= Vaishnava Padavali =

Movement in medieval Bengali literature from the 15th to 17th centuries

The Vaishnava Padaaboli (বৈষ্ণব পদাবলী) movement refers to a period in
medieval Bengali literature from the 15th to 17th centuries, marked by an efflorescence of Vaishnava poetry often focusing on the Radha-Krishna legend. The term padavali (also written padaabali) has the literal meaning "gathering of songs" (pada=short verse, lyric; +vali = plural; collection).

The padavali poetry reflects an earthy view of divine love which had its roots in the Agam
poetry of Tamil Sangam literature (600 BC–300 AD) and spread into early medieval Telugu (Nannaya, Annamayya) and Kannada literatures (Dasa sahitya). These poetic themes spread rapidly as part of the Bhakti movement, which emphasized an intensely personal form of devotion inspired by the philosophy of Ramanuja and rejected caste distinctions and other Brahminical conventions associated with the theism of Adi Shankaracharya. The movement spread out and attained a pan-India status during the 13th–17th centuries.

The accompanying literary movements were marked by a shift from the classical language of Sanskrit, to the local languages (apabhramsha) or derivatives, e.g. the literary language of brajabuli adopted by Vidyapati (14th century) and Govindadas Kaviraj

==History==
Vidyapati in Mithila (14th century) and Chandidas (late 14th century) in Birbhum.
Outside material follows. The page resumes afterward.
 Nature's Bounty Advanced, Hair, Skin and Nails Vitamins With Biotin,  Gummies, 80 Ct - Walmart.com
Chandidas was among the earliest poets in the nascent Bengali language, and many of his poems deal with the Radha-Krishna theme.
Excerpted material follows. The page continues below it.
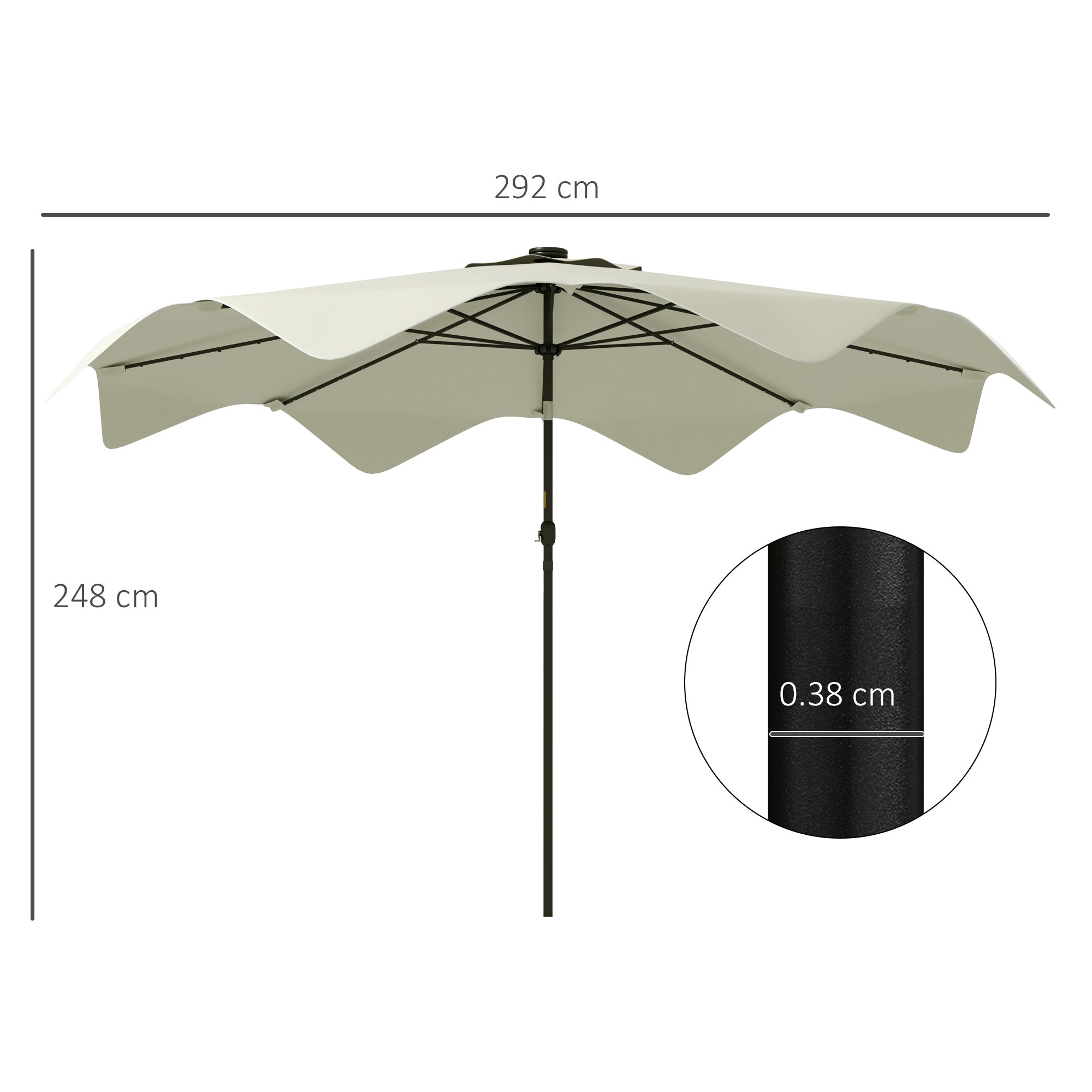 Outsunny Solar Patio Umbrella with LED and Tilt, Outdoor Market Table Umbrella Parasol with Crank, 3 x 3 (m), Cream White - North Peak Garden Furniture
In 1474, Maladhar Basu translated the 10th and 11th cantos of the Sanskrit Srimad Bhagavatam (composed c. 9th century), into the Bengali poem SriKrsnaVijay. Maladhar focused on Krishna's divine life, with the 10th canto relating the legends of Krishna as a child, and his Leela with the Gopis in Vrindavana. He was honoured by Rukunuddin Barbak Shah with the title Gunaraj Khan.

Although neither Chandidas nor Maladhar Basu were Vaishnavas, they were to lay the foundation for much of the following Vaishnava poetry in Bengal.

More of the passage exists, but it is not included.